There are debates about their democracy, to be sure - whether there should be campaign limits, whether boundaries are correctly drawn (there were new boundaries for this week's elections, for example), whether there should be primaries to select candidates. But there is no suggestion that there should be a return to the bad old pre-democacy days on the island. Freedom, once given, is all but impossible to take away.

This is of real importance, not just within but also beyond Taiwan's shores. China's government often tells us that democracy is all well and good for the West, but is incompatible with Chinese society. Well, here is a vibrant Chinese nation conducting a robust and fair series of elections. Naturally, one hopes that the mainland can learn from Taiwan, with whom relations are happily improving.

There is also a point to be made about prosperity. Freedom, the rule of law, prosperity and free elections are most commonly found to be present together, or to be absent together. Taiwan's remarkably successful economy might be thought to have something to do with the greater freedom enjoyed by their people than exists elsewhere.
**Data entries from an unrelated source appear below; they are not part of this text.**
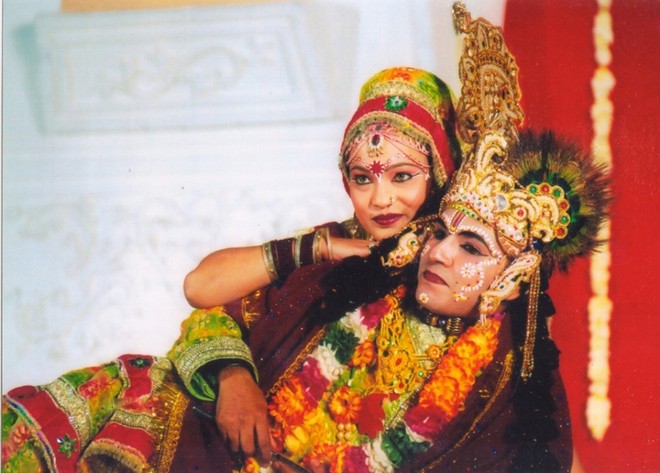 Представление индийского народного танца во Вьетнаме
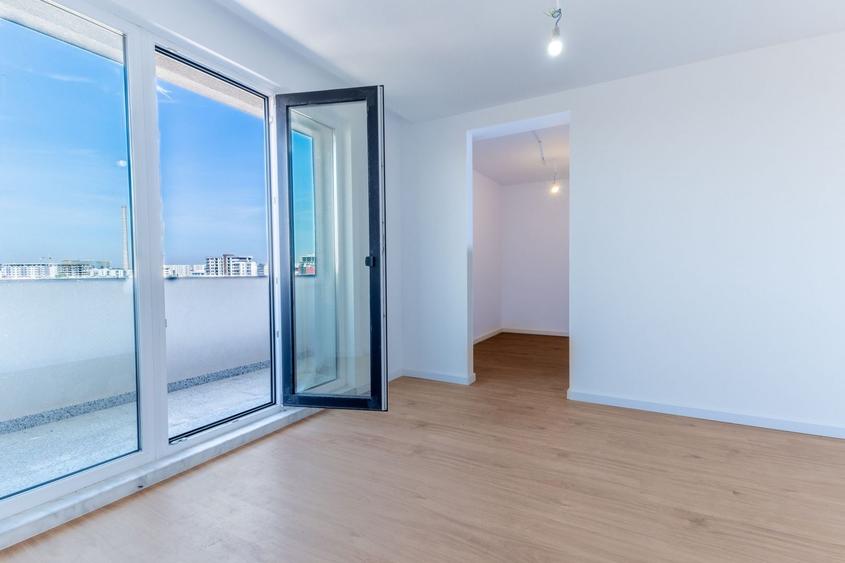 Apartament cu 4 camere semidecomandat în Metalurgiei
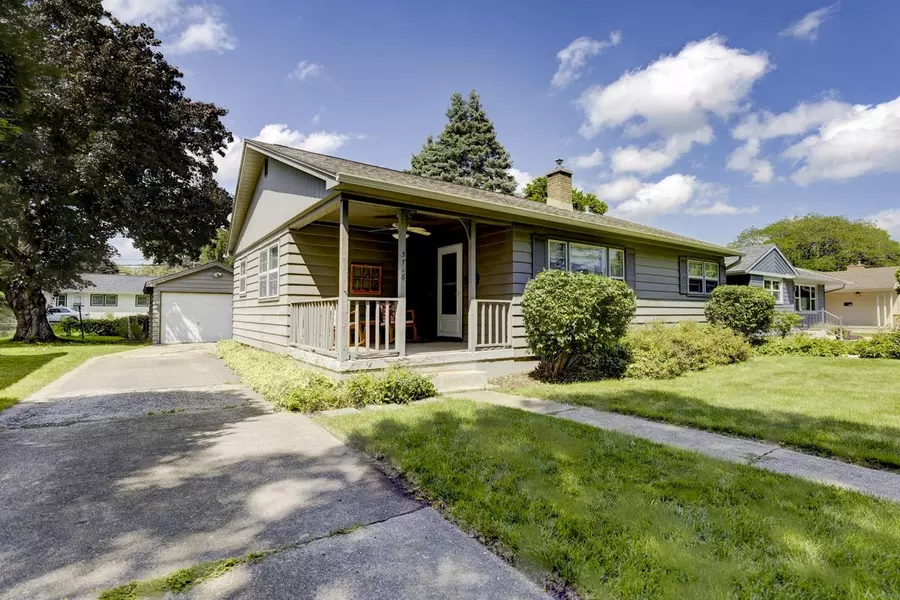 3718 Paus Street, Madison, WI 53714
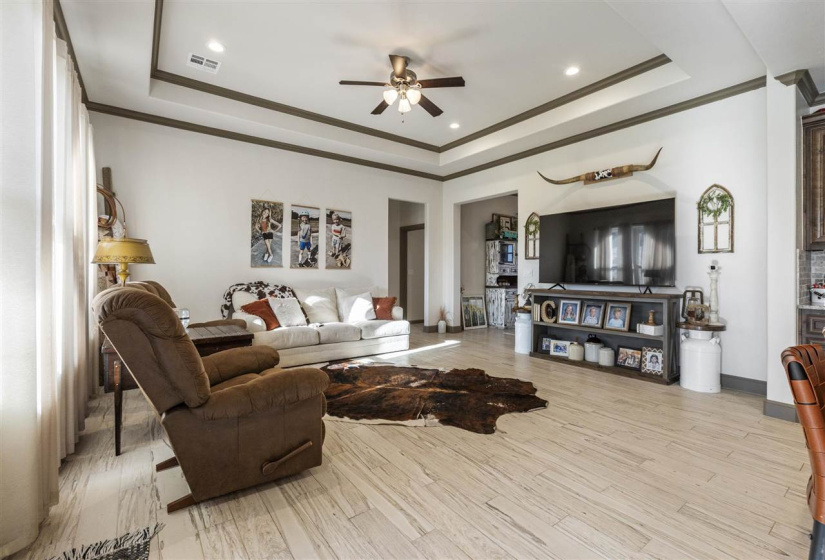 3 Bedrooms Bedrooms, 0 ,2 BathroomsBathrooms,Residential,Single Family,Brenna,1,132443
Taiwan is to be applauded for advancing their own democracy and the cause of democracy in Asia, even in the face of mainland China's occasional hostility to those values. Having seen with my own eyes the success of a vibrant liberal democracy in Asia, I hope that some in our Parliament heed the point that Taiwan's longstanding diplomatic semi-isolation ill-serves a place whose people who have wholeheartedly embraced the very values we wish others to endorse.